I want to congratulate the Prime Minister and the Secretary of State on uniting the Labour party after a summer of vigorous debate. They think that this is purely about the funding of our party, but it is not; it is about values and belief in democracy, equality, collectivism and social justice. Those are the values of the real party of the workers, and that is why I oppose this Bill.
I, too, would like to declare that I am a proud trade unionist and a member of Unite.
To be perfectly honest, I am very disappointed that we have to have this debate. As others have noted, the ability to form a union and carry out industrial action are basic rights in a democratic society. I am very concerned that the Government have introduced a Bill that seeks to undermine such fundamental rights.
As a trade unionist, I know that, if passed, this Bill will make it much more difficult for workers to raise concerns over safety, working conditions and pay. I am particularly concerned about the impact it will have on women in the workplace. We already know that women are systematically discriminated against in the labour market. Women already comprise the majority of those on the minimum wage and are more likely to be in insecure and low-paid jobs such as catering, cleaning and clerical work. Women are, on average, paid less than men and are more likely to be in in-work poverty.
It is also important to remember that women have borne a higher share of the burden of this Government’s austerity policies than men. Women have already suffered more from welfare cuts and pay freezes, and I am concerned that this Bill will make those inequalities much worse. The Government seem to be in denial about that. The Bill’s impact assessment totally fails to account for the disproportionate effect the Bill will have on women workers. The reality is that trade unions are one of the best tools in the struggle for gender equality, and attacks on union rights will damage the struggle for equality in the workplace.
Indeed, Government statistics on trade union membership have found that women workers who are in a trade union have a pay premium of 30%. That is no surprise when one remembers that the very purpose of much industrial action is to achieve gender equality in the workplace. If the Government restrict the rights of workers to organise, that will clearly have a negative effect on the struggle for pay equality.
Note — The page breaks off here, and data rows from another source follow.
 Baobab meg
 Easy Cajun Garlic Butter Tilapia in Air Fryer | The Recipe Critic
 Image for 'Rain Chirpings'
Unionised workplaces are also more likely to have good policies on flexible working and maternity pay, as well as better support for those returning to work after pregnancy. By making it harder for workers to organise at work, this Bill will have a negative impact on all those areas, leading to further discrimination against women in work.
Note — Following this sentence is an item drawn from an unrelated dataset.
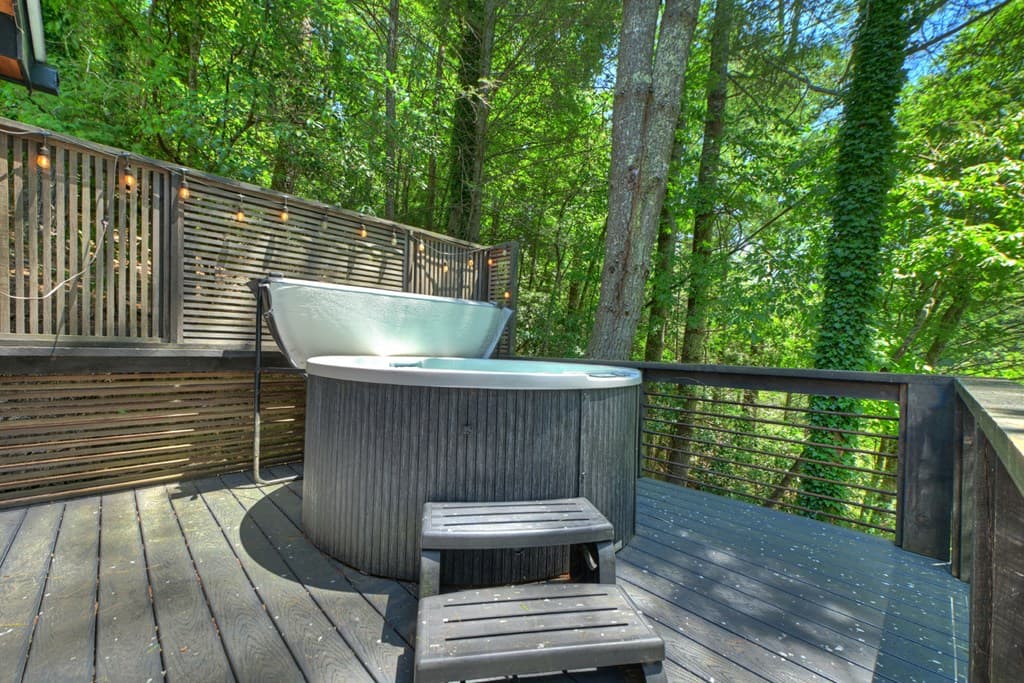 1027 Power Dam Road, Blue Ridge GA 30513 - Photo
The Bill’s new strike ballot threshold will also affect women more than men.
On the increased threshold, I am sure my hon. Friend is as concerned as I am that it is not being made easier for workers to cast their votes through electronic balloting. Why does she think the Government will not agree to it?
I totally agree with my hon. Friend.
The Bill’s higher ballot threshold for essential services will disproportionately affect women, as they are much more likely to be employed in those sectors. Research by the TUC suggests that nearly three quarters—73%—of the trade union members working in important public services are women. Do the Government not understand that reducing the rights of those women at work will only increase the gender pay gap and worsen discrimination in the workplace?
This is a regressive Bill that threatens to undermine basic civil rights and reverse progress in achieving workplace equality. I urge Members on both sides of the House who do not want to see that progress reversed to vote against the Bill.